The knuckleball is a most frustrating pitch to master. (Not that there’s anything wrong with that! If it were easy, you wouldn’t be boosting your value so substantially by becoming a pro at it.) Developing a knuckleball that spins only one quarter or one half of a rotation on an unstoppable journey between your hand and the catcher’s glove is an incredibly tough thing to do.
What this means is that if you’re not already expert when you show up on our campus, the first knuckleballs you throw are gonna be lousy.
Lousy how? Too much rotation, yes. Also too little flutter. Or too little velocity. Or too little accuracy. Gird thyself; it’s going to happen. Just accept it and accept, too, the inevitable plateaus in your training, even the occasional regression. Know that you’re on a journey. Pay attention to what needs work; do what you need to do to improve; be relentless. And cultivate calm. Focus on one pitch, right now.
Repeat. Repeat. Repeat.
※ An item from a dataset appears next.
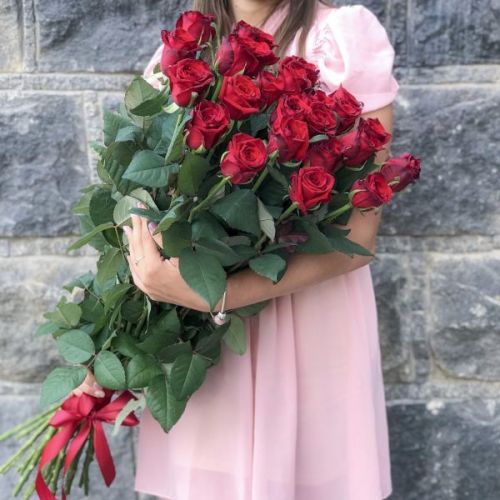 Bouquet of long Roses ― Floristik — flower delivery all over Ukraine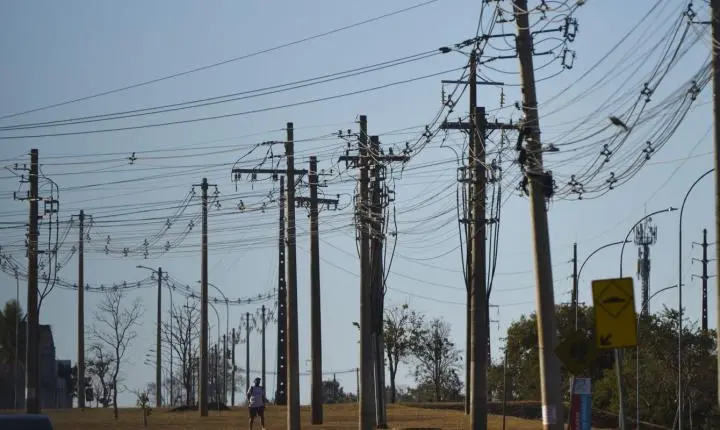Acidentes com a rede elétrica aumentam no Brasil em 2025, mas óbitos registram queda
With every focused repetition that you perform during a practice session at the International Knuckleball Academy, your brain increases the strength of the signals that instruct your body to execute the desired motion effectively and efficiently. At first the signaling is weak. Over time it strengthens. Finally, you have your knuckleball. But to achieve that result, you must focus on the process, not the result of any individual pitch. That’s especially true in the early days of your training.
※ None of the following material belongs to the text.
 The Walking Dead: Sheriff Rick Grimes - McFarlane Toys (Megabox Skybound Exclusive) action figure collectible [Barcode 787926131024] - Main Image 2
If you continue to perform each repetition in a calm, sound, focused manner, you will eventually be able to deliver a low-spin knuckleball fluidly, effortlessly, consistently. If you fret about every fumble, though, you’ll become just one more victim of the knuckleball instead.
Especially in the early days of your training, you want to be judging your performance not by how much your knuckleball spins, but by how fully you are immersing yourself in the IKA’s training protocols. Give 100% of yourself during our drills, strive to achieve proper throwing mechanics and a proper release point, attend carefully to the feedback we give you, and you will improve. Get lazy or let yourself be flooded by petty frustrations, and you’re bound to flounder.
Results?
Sure. You care about your results. We do too. Your first big result: the ability to consistently pitch a perfect knuckleball, a result of a lot of conscientious hard work. Once you can consistently pitch that perfect knuckleball, you’ll get another big result: you’ll consistently strike out professional baseball players, including those at the top of their game. Giving you a third big result: an opportunity for career advancement you didn’t have before.
But you don’t want to focus on any problems, progress, or prospects in the moment that you are chucking that knuck. You want to focus only on the pitch itself. The knuckleball you’re unleashing right now. You want to be wholly absorbed by the process that throwing an effective knuckleball requires.
Execute. One pitch. Right now. With all of your mind and body focused on just that one thing. Do that, and the results will take care of themselves.